OpenAI released its GPT-5.6 family on 26 June. Three models: Sol, the flagship, aimed at hard agentic coding and scoring 88.8% on the Terminal-Bench 2.1 benchmark. Terra, a balanced everyday option. And Luna, the one most South African businesses should care about: fast, and cheap at roughly one dollar per million input tokens and six dollars per million output tokens.

Then came the catch. The US government asked OpenAI to limit the launch to around 20 approved organisations while federal officials review the models for cybersecurity risk. Access is granted one customer at a time. A wider release is planned, but there is no firm date.

Why the Restriction Is a Big Deal

This is the first time the US government has asked an American AI company to hold back a model before release rather than after a problem appeared. It happened in the same month the government pulled Anthropic's Fable 5. Read together, the message is clear: frontier model launches now pass through a government gate, and that gate is in Washington.

Why Luna Matters Here

Most business AI work is not the hardest reasoning task. It is volume: answering the same customer questions, sorting enquiries, drafting first versions, tagging data. For that work, the cost per token decides whether a feature is worth building. Luna's pricing makes things that were borderline last year clearly affordable. A chatbot that handles a few thousand conversations a month, or an automation that reads every inbound email, gets cheaper to run.

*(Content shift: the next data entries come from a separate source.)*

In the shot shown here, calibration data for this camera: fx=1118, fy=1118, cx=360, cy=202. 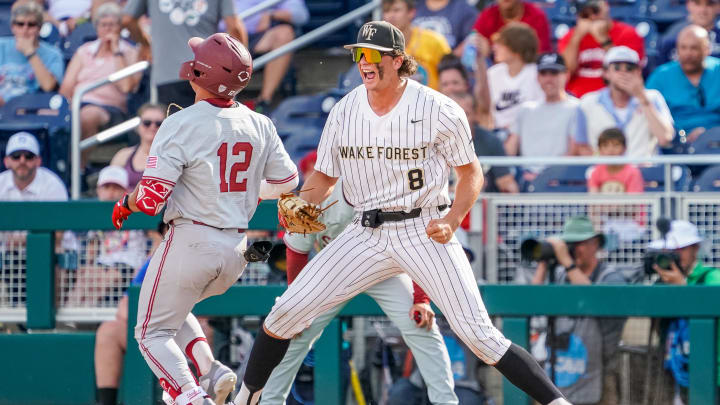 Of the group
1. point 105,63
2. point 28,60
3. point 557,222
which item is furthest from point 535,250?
point 28,60

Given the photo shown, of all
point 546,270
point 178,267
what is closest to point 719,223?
point 546,270

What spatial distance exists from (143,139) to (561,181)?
9.58 ft

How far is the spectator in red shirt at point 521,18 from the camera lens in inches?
364

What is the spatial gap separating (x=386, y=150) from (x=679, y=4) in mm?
5965

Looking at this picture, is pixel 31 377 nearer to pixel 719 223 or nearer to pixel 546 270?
pixel 546 270

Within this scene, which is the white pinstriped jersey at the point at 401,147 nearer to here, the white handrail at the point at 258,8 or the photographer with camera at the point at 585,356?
the photographer with camera at the point at 585,356

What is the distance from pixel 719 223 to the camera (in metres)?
6.50

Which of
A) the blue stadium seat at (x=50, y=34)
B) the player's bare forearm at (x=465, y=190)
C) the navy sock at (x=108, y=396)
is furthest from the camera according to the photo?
the blue stadium seat at (x=50, y=34)

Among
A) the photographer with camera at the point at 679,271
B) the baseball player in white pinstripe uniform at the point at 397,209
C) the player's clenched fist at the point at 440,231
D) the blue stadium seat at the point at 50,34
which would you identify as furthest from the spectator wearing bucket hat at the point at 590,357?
the blue stadium seat at the point at 50,34

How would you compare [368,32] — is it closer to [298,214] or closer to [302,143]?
[298,214]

You cannot build on Luna today from South Africa. But the direction is set. When access opens, the cost of adding AI to a small business drops again.

What to Do Now

Do not sit idle waiting for it. Build what you need on the models available now, the current GPT and Claude tiers, and keep the model choice in one place in your setup so you can switch to Luna the day it opens. The teams that already have a working AI feature will swap in a cheaper model in an afternoon. The teams starting from zero will still be planning.